- Gelek Rinpoche
- Title: Lama

Personal life
- Born: 26 October 1939 Lhasa, Tibet
- Died: 15 February 2017 (aged 77) Ann Arbor, Michigan, United States
- Other names: Nyakre Khentrul Rinpoche, Kyabje Ngwang Gehlek Rimpoche, Gehlek Rimpoche, Kyabje Gelek Rimpoche

Religious life
- Religion: Tibetan Buddhist
- Order: Gelug
- School: Drepung Monastery
- Profession: teacher

Senior posting
- Teacher: Kyabje Trijang Rinpoche, Kyabje Ling Rinpoche, Khensur Denma Locho Rinpoche, Song Rinpoche
- Students Allen Ginsberg, Philip Glass, Cyndi Lee, Joe Liozzo, Glenn Mullin, Robert Thurman;

= Gelek Rimpoche =

Kyabje Nawang Gehlek Rimpoche was a Tibetan Buddhist lama born in Lhasa, Tibet on October 26, 1939. His personal name was Gelek; kyabje and rimpoche are titles meaning "teacher" (lit., "lord of refuge") and "precious," respectively; he is known to Tibetans as Nyakre Khentrul Rinpoche. According to Thupten Jinpa, principal English translator to the Dalai Lama, he is considered
"an important link to the great lineages of Tibet's great masters, especially of the Geluk school. Known more famously for the Tibetans as Nyakre Khentrul Rinpoche, Rinpoche had been instrumental in reprinting many of the Geluk texts in the 1970s, and also remained an important object of affection for both Kyabje Ling Rinpoche and Kyabje Trijang Rinpoche. Of course, his emergence as one of the great Tibetan teachers in the West has also been a source of inspiration for many."
 Known for his memory, intellectual insight, familiarity with modern culture, and effectiveness as a teacher of Western practitioners of Tibetan Buddhism, Rimpoche taught in English without a translator, claiming he learned "English watching the soap opera Days of Our Lives."

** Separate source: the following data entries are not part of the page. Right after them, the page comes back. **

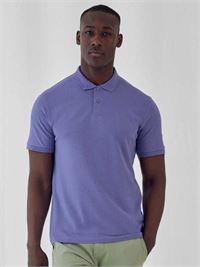 POLO IN COTONE ORGANICO 170g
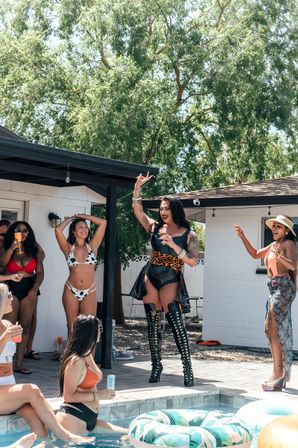 Book a Drag Queen for Your San Diego Bachelorette or Birthday Bash image 12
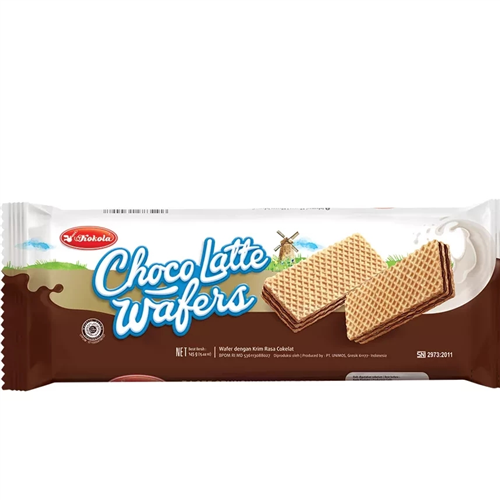 Kokola Chocolate Wafers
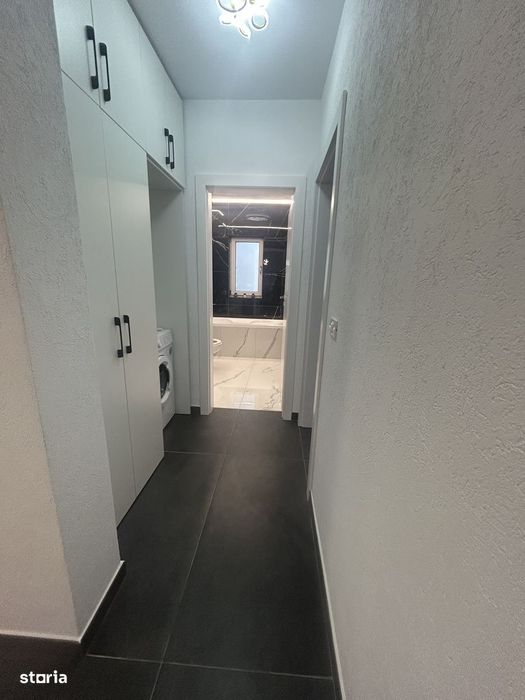 Bloc Nou-La Prima închiriere 2 camere-Loc de parcare.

==Early life and education==
Gelek Rimpoche was recognized at the age of four as a tulku, an incarnate lama. He was "recognized as the incarnation of one of the Gyuto Tantric College abbots called Tashi Namgyal. I believe I was recognized by the late Pabongka Dechen Nyingpo – the famous Pabongka." His father was the 10th Demo Rinpoche and his uncle was the 13th Dalai Lama, Thubten Gyatso. He received the highest scholastic degree of Geshe Lharampa, equivalent to a PhD, at the exceptionally young age of twenty, at Drepung Monastic University which he attended from the age of four to twenty.

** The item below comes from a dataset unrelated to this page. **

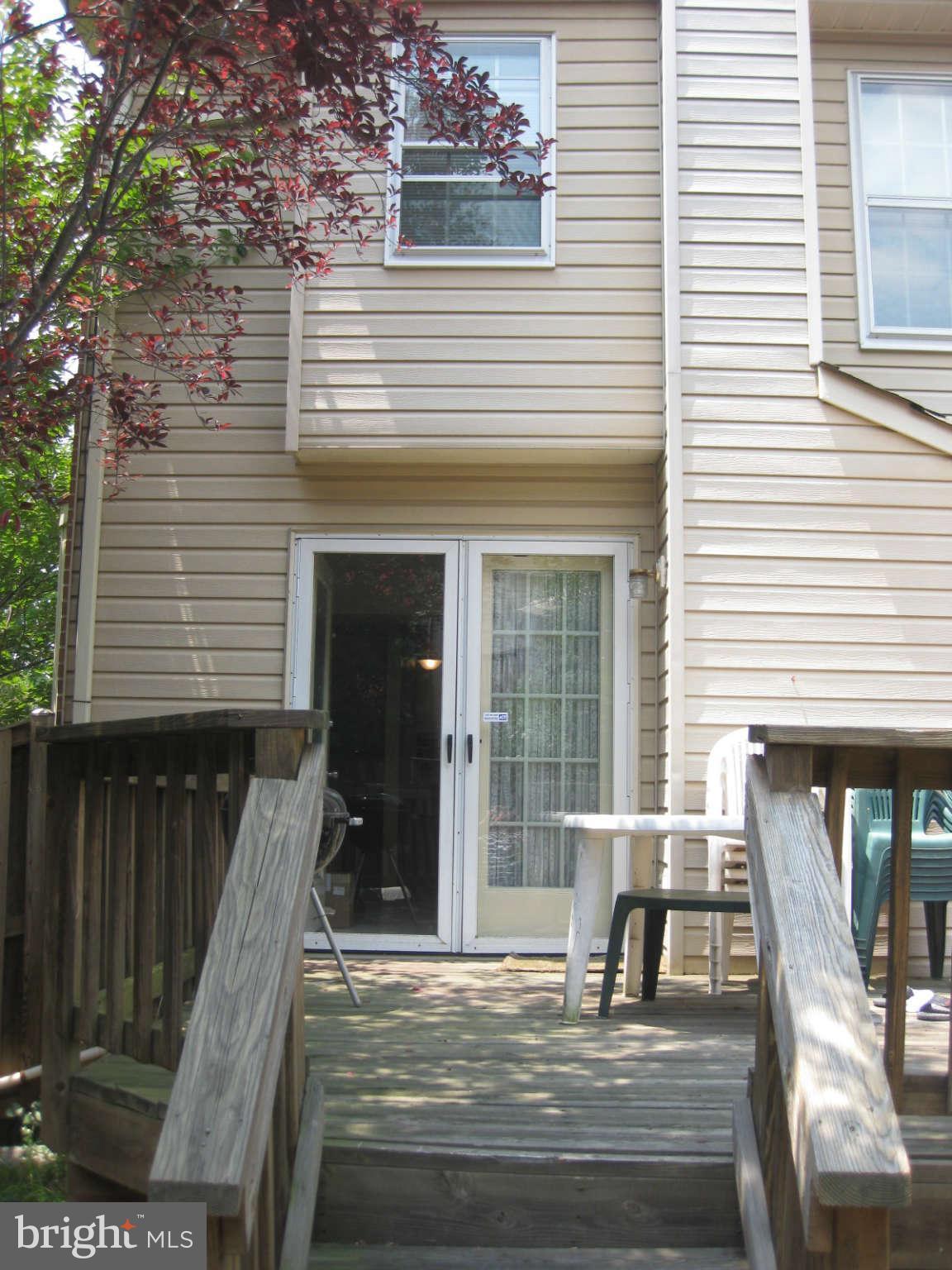6515 Castine Lane Springfield, VA 22150 - Photo 17 of 18 Exterior (Rear)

He was educated alongside the 14th Dalai Lama, Tenzin Gyatso who said "he completed his traditional Buddhist training as a monk in Tibet prior to the Chinese Takeover." Rimpoche was tutored by many of Tibet's greatest teachers including the 14th Dalai Lama's senior and junior tutors, Kyabje Ling Rinpoche and Kyabje Trijang Rinpoche, who sent him to the West to teach, and Denma Locho Rinpoche and Song Rinpoche.

==Exile==
In 1959, ten days after the Dalai Lama fled to India, Gelek Rimpoche led a large group of Tibetans from Tibet into exile in India.

"They were stalled at the foot of the Himalayas. Only a few miles away, over a cluster of four peaks, lay Arunachal Pradesh in India, and freedom. Time and time again throughout the day members of the group tried the treacherous climb, yet they were unable to find passage. To get here they had traversed mile after mile of rugged terrain while strafed by Chinese aircraft. There was no turning back. Tired, hungry and cold, they sought advice from an incarnate lama who had joined their exodus – nineteen-year-old Nawang Gehlek Rinpoche.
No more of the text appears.